[Scraped caption text data]
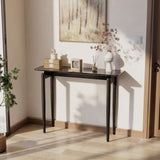 AQIMUELE Wood Console Table Black Entryway Table, Thin Console Table, Sofa Tables for Living Room (39.4'') AQIMUELE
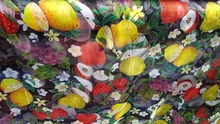 Tela de seda de morera pura de gasa, flores hechas con frutas, estampadas, ropa, camisa, decoración de ropa, pañuelo, 100% 2024 - compra barato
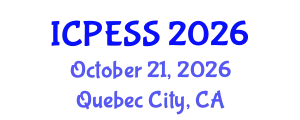 International Conference on Physical Education and Sport Science (ICPESS) October 21, 2026 - Quebec City, Canada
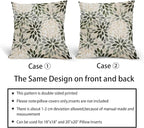 Olive Green Dahlia Throw Pillow Covers 16x16 Inch Rustic Geometric Flower Decorative Square Pillow Cases Beige Tan Gray Floral Cushion Covers Farmhouse Home Decor For Sofa Couch Outdoor Set of 2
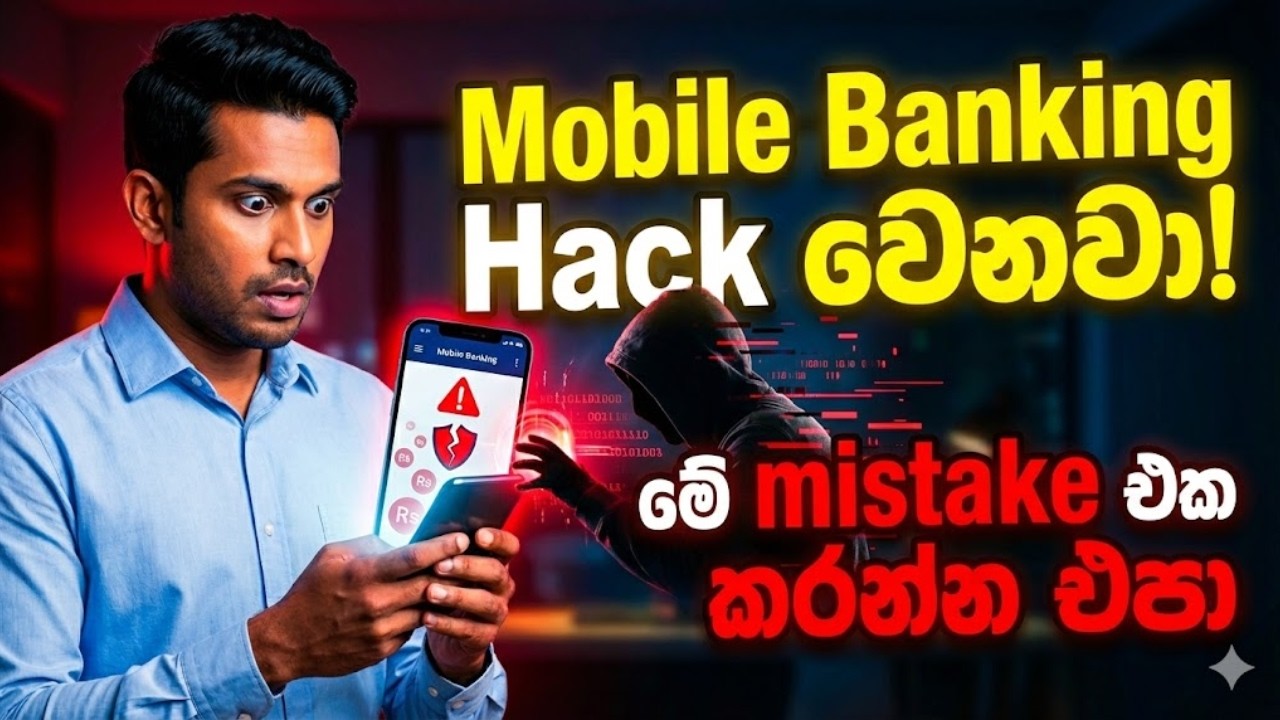 ⚠️ Mobile Banking Hack වෙනවා! මේ ටික නොදන්නවනම් ගිණුම අවදානමේ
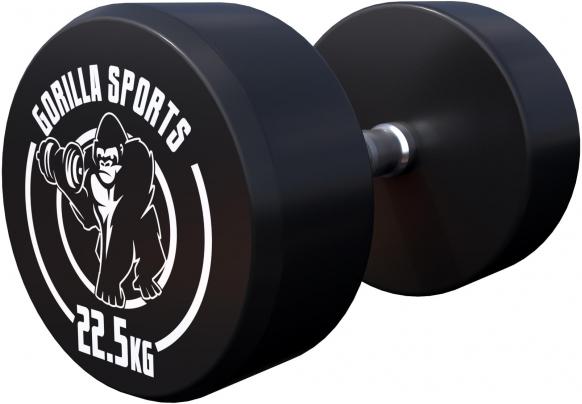 Actual product image Gorilla Sports Round dumbbells (1 x 22.5 kg)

* **Your task**
All entries are to be duplicated exactly, with the pictures left out.

* **Result**
 AQIMUELE Wood Console Table Black Entryway Table, Thin Console Table, Sofa Tables for Living Room (39.4'') AQIMUELE
 Tela de seda de morera pura de gasa, flores hechas con frutas, estampadas, ropa, camisa, decoración de ropa, pañuelo, 100% 2024 - compra barato
 International Conference on Physical Education and Sport Science (ICPESS) October 21, 2026 - Quebec City, Canada
 Olive Green Dahlia Throw Pillow Covers 16x16 Inch Rustic Geometric Flower Decorative Square Pillow Cases Beige Tan Gray Floral Cushion Covers Farmhouse Home Decor For Sofa Couch Outdoor Set of 2
 ⚠️ Mobile Banking Hack වෙනවා! මේ ටික නොදන්නවනම් ගිණුම අවදානමේ
 Actual product image Gorilla Sports Round dumbbells (1 x 22.5 kg)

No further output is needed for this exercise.